By on 4 ottobre 2017

Una strage pianificata nei dettagli quella di Las Vegas, costata la vita a 59 persone e al killer mentre  i feriti sono 527.  Oggi è prevista la visita del presidente Donald Trump e della first lady Melania mentre il massacro resta ancora senza un movente. Le forze dell’ordine hanno rivelato come l’assassino, Stephen Paddock, avesse installato un sistema di telecamere di sorveglianza in due corridoi del Mandalay Bay Resort Casino e nella sua suite al 32esimo piano dell’albergo da dove ha aperto il fuoco facendo strage.
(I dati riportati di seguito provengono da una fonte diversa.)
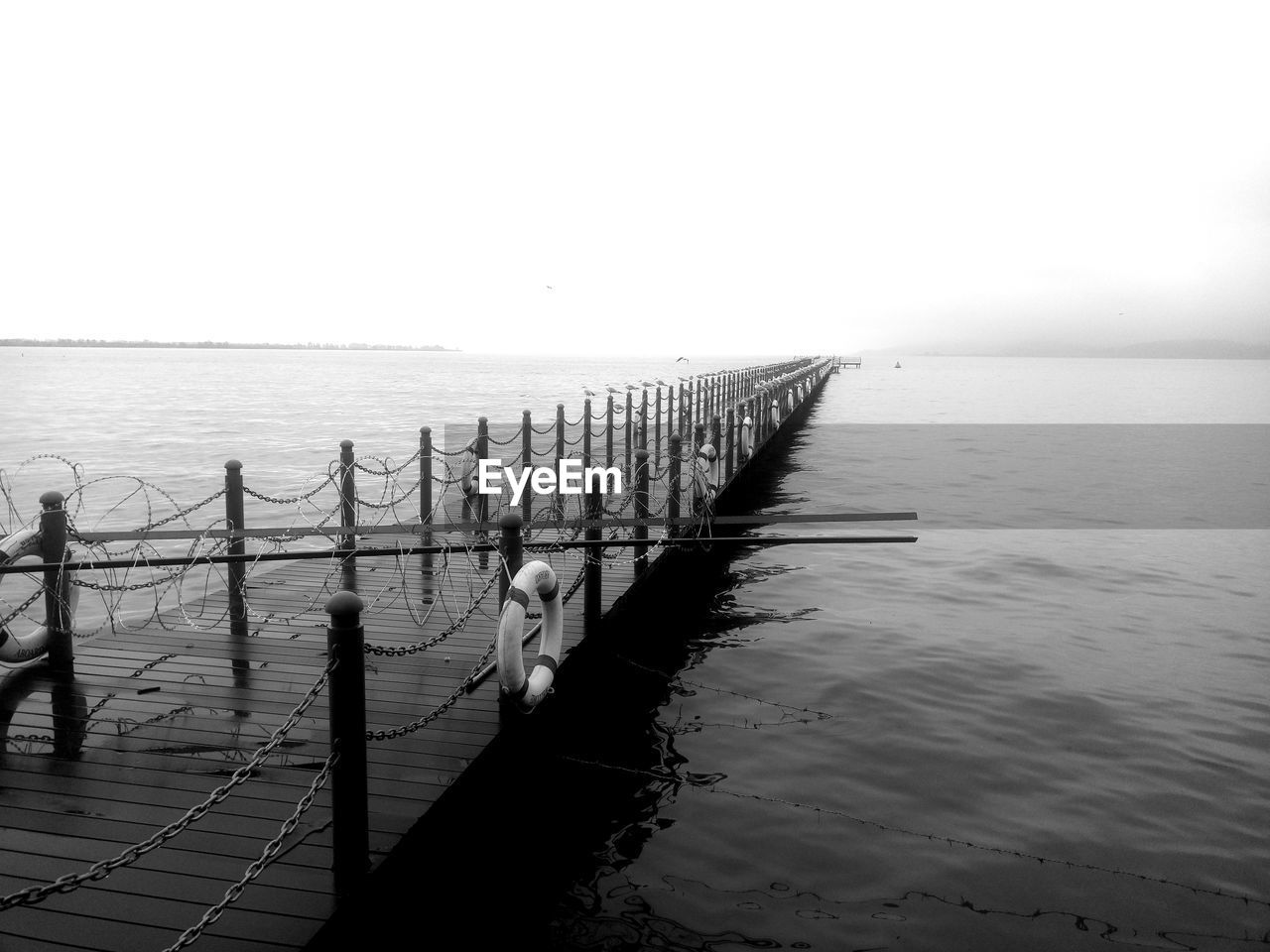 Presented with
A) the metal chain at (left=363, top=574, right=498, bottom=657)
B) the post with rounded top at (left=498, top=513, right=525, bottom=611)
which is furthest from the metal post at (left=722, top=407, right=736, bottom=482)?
the post with rounded top at (left=498, top=513, right=525, bottom=611)

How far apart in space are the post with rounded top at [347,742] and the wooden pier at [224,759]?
0.02 m

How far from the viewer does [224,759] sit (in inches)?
194

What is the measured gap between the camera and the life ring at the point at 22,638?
6.18 meters

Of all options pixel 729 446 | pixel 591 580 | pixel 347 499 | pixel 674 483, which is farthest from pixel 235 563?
pixel 729 446

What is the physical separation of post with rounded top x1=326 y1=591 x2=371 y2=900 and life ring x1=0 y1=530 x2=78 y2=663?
368 cm

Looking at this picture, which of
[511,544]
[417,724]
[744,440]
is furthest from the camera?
[744,440]

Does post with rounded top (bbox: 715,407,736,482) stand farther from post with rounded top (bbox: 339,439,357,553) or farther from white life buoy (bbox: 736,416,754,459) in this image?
post with rounded top (bbox: 339,439,357,553)

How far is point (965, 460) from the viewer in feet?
114

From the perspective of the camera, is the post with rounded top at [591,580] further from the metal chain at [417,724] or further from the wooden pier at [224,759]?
the metal chain at [417,724]

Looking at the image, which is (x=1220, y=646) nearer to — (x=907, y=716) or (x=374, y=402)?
(x=907, y=716)

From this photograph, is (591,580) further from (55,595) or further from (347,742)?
(347,742)

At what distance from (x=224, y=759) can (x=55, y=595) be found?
2.34 m

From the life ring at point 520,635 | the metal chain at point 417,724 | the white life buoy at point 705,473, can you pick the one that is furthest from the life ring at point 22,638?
the white life buoy at point 705,473

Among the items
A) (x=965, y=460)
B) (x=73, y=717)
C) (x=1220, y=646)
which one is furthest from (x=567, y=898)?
(x=965, y=460) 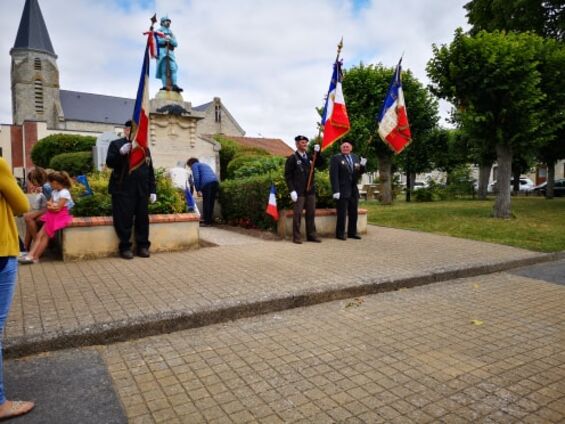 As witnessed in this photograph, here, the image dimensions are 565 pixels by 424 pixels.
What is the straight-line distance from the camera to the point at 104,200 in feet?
23.8

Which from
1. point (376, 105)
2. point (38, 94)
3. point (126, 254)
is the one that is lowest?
point (126, 254)

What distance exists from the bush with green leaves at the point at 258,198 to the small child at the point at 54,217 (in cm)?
413

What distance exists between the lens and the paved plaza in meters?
2.72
Solo nella sua camera d’albergo aveva ammassato 23 tra pistole e mitra, centinaia di munizioni ed altro equipaggiamento d’assalto. Aveva inserito una telecamera perfino nello spioncino della porta.  Lo sceriffo di Las Vegas Joe Lombardo ha definito “persona d’interesse” Marilou Danley, la compagna di Paddock che si trovava nelle Filippine, suo Paese d’origine, al momento del massacro che e dovrebbe tornare negli Usa oggi. Una fonte anonima ha riferito a diversi organi di stampa Usa che Paddock ha inviato 100.000 dollari nelle Filippine una settimana prima della strage. Gli inquirenti hanno  precisato che 12 dei mitra ritrovati nella suite del killer erano dotati un  ‘bump stock’, un dispositivo che consente di sparare centinaia di colpi al minuto, proprio come una mitragliatrice. Si tratta di un dispositivo legale negli Stati Uniti.